### Assignment
Although the records contain pictures, repeat only the text of every line exactly.

### Material to process
-=-=-

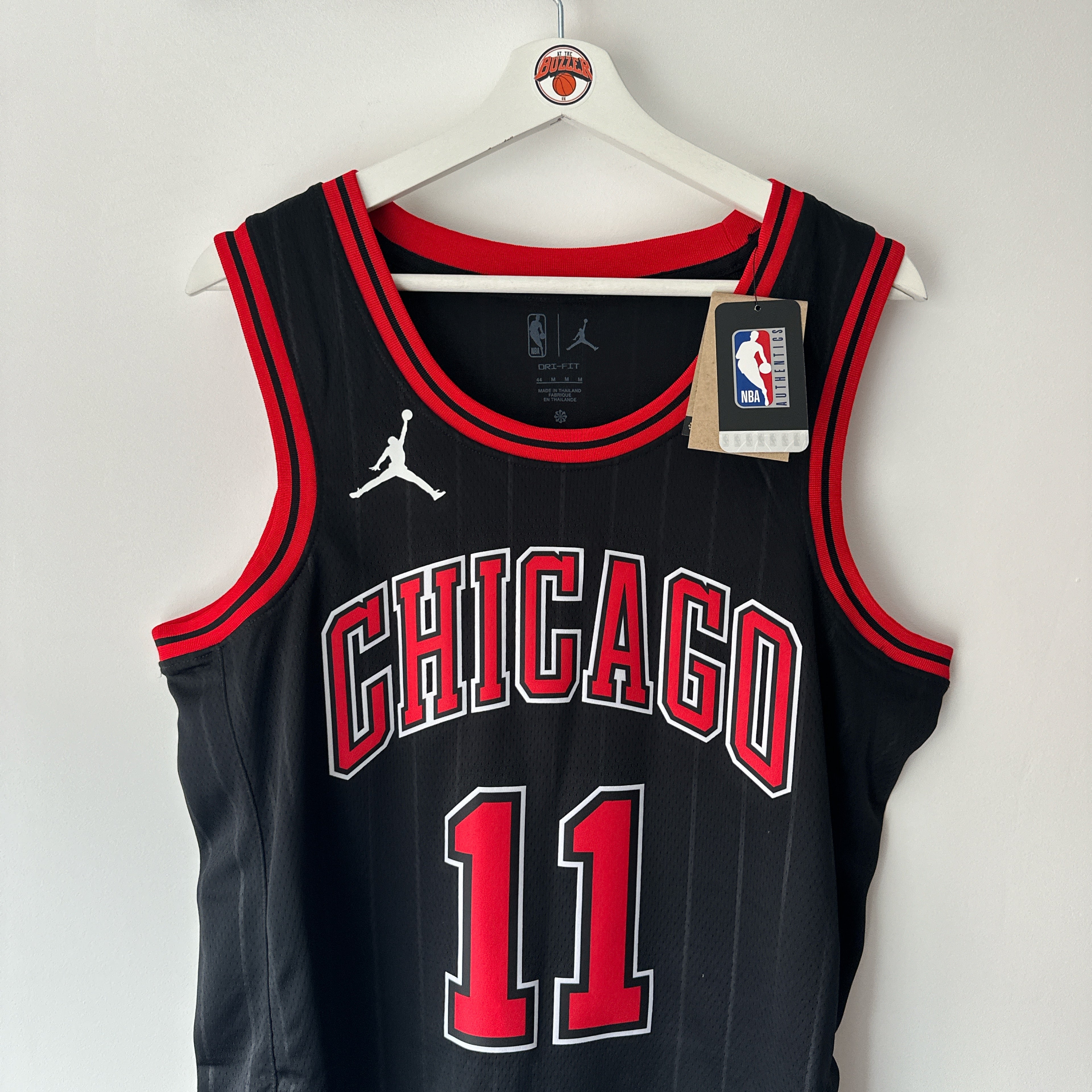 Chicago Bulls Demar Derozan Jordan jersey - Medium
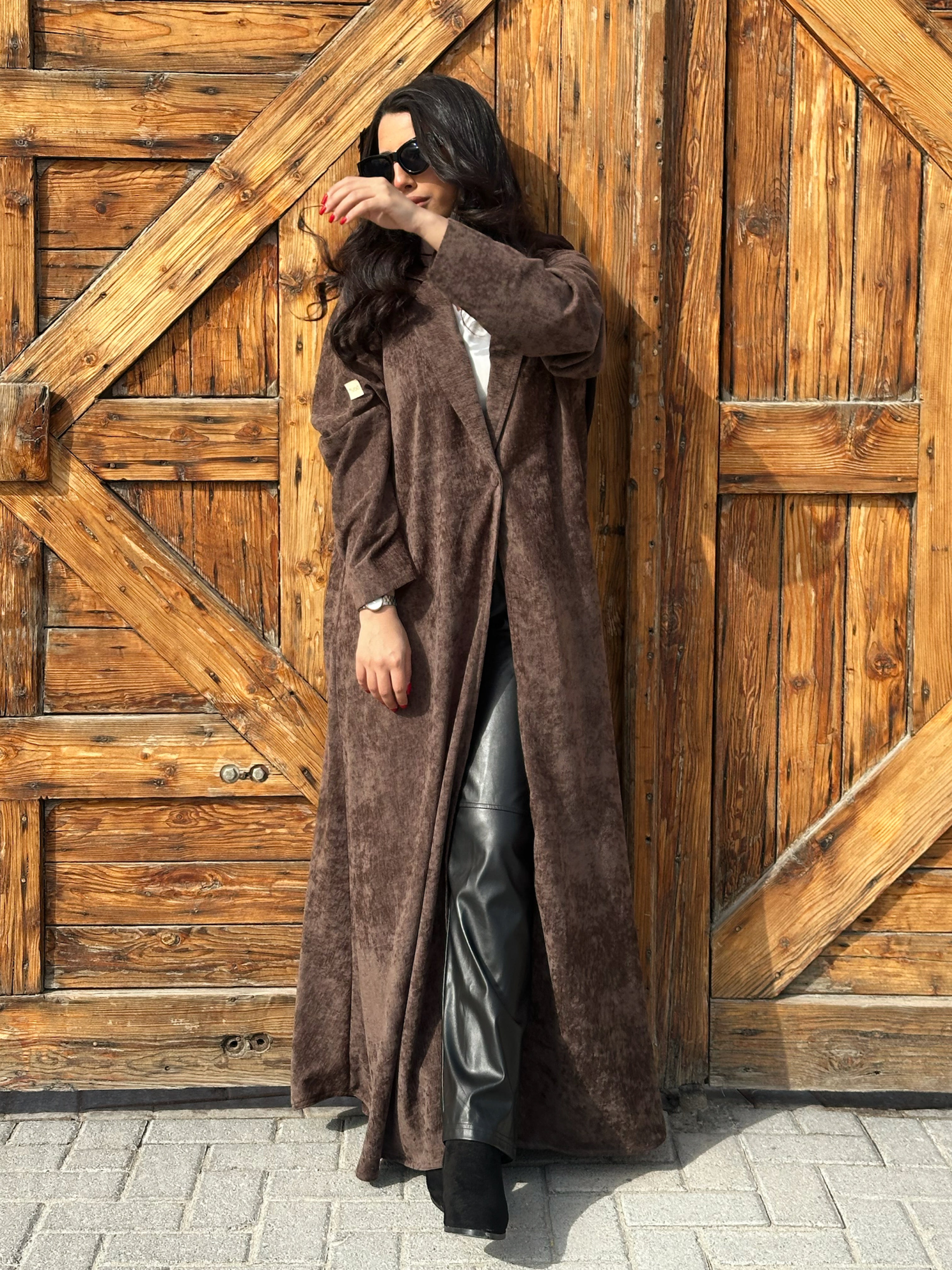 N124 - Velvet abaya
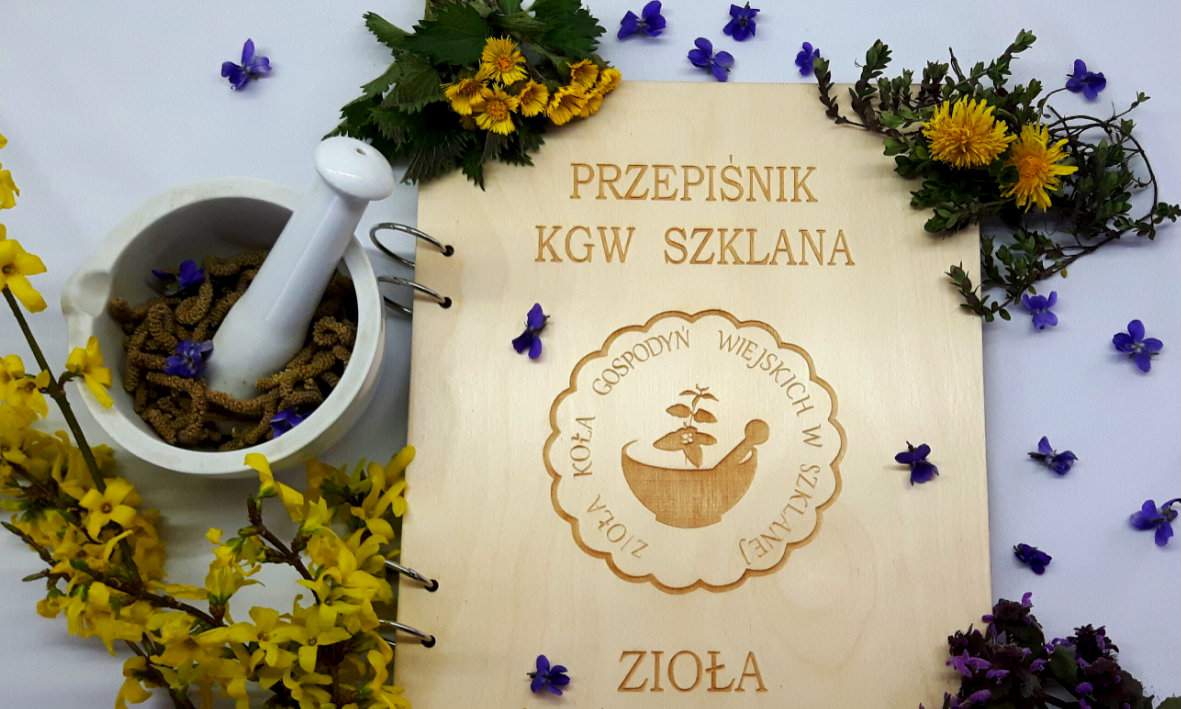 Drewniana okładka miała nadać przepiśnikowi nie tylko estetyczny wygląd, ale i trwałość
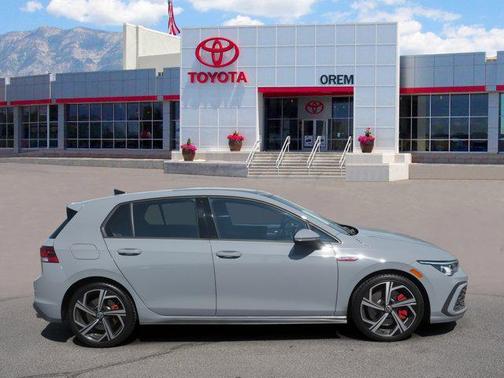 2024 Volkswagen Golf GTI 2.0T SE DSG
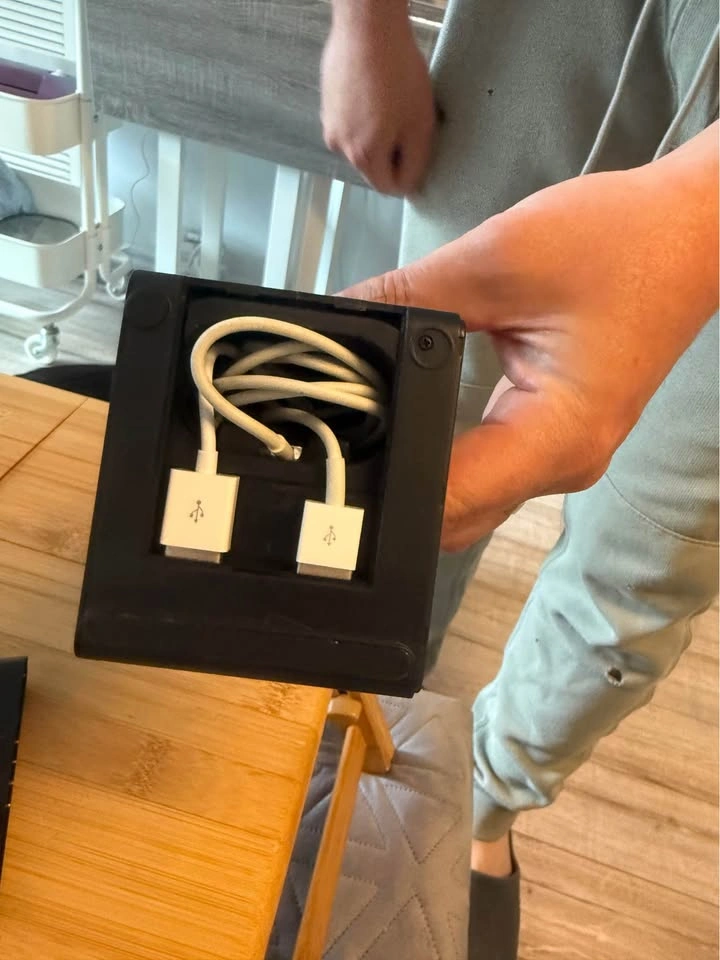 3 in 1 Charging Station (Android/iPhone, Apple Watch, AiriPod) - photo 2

-=-=-

### Answer section
 Chicago Bulls Demar Derozan Jordan jersey - Medium
 N124 - Velvet abaya
 Drewniana okładka miała nadać przepiśnikowi nie tylko estetyczny wygląd, ale i trwałość
 2024 Volkswagen Golf GTI 2.0T SE DSG
 3 in 1 Charging Station (Android/iPhone, Apple Watch, AiriPod) - photo 2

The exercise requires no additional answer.